Action item:
Each line of the records that includes "background" should be found and copied.

(Task material begins)

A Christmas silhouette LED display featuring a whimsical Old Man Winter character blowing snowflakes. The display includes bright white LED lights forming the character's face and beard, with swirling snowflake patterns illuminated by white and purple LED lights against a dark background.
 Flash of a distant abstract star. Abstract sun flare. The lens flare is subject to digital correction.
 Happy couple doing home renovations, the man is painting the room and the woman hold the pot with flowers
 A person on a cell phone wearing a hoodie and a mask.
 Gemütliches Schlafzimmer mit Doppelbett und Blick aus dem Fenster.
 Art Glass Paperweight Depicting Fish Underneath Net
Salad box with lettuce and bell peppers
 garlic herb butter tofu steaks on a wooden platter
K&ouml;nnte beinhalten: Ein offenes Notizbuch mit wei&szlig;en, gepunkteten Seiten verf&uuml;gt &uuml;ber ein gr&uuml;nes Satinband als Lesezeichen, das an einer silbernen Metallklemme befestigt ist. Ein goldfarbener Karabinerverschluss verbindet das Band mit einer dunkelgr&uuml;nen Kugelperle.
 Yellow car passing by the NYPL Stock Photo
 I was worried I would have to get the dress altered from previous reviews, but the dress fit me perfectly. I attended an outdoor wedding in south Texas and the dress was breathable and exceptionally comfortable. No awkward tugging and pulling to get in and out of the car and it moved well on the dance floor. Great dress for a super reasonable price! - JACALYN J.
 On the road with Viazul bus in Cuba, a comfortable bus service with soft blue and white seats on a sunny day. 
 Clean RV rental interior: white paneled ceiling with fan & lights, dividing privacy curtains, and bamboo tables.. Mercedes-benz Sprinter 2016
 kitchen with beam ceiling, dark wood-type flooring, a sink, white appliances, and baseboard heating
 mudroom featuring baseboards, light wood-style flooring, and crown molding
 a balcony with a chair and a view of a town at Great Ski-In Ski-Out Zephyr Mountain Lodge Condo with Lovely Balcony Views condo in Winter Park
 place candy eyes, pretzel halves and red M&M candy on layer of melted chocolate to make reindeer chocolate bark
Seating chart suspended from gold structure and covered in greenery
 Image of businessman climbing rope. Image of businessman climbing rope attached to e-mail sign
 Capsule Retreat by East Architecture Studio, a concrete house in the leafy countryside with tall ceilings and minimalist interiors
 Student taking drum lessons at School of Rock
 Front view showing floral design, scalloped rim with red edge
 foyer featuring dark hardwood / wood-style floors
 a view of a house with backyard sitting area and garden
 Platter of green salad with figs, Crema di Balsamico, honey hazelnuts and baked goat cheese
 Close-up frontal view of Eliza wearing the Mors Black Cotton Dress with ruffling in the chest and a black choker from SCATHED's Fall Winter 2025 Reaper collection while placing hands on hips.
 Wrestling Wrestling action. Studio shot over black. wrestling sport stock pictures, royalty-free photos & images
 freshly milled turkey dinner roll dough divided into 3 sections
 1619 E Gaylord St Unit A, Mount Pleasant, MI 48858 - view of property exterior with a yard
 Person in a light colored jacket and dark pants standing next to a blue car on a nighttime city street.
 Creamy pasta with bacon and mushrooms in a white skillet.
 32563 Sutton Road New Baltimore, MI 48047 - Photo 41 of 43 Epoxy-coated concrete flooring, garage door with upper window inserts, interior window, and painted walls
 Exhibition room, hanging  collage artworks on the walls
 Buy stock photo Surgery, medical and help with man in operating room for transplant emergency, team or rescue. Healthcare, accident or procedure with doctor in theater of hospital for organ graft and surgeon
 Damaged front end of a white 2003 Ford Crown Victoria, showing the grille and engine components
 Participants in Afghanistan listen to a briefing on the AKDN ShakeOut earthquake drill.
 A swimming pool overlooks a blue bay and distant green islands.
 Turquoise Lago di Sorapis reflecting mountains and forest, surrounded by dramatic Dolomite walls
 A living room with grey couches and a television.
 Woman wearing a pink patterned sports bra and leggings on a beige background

(Task material ends)

Reply to the task:
A Christmas silhouette LED display featuring a whimsical Old Man Winter character blowing snowflakes. The display includes bright white LED lights forming the character's face and beard, with swirling snowflake patterns illuminated by white and purple LED lights against a dark background.
 Woman wearing a pink patterned sports bra and leggings on a beige background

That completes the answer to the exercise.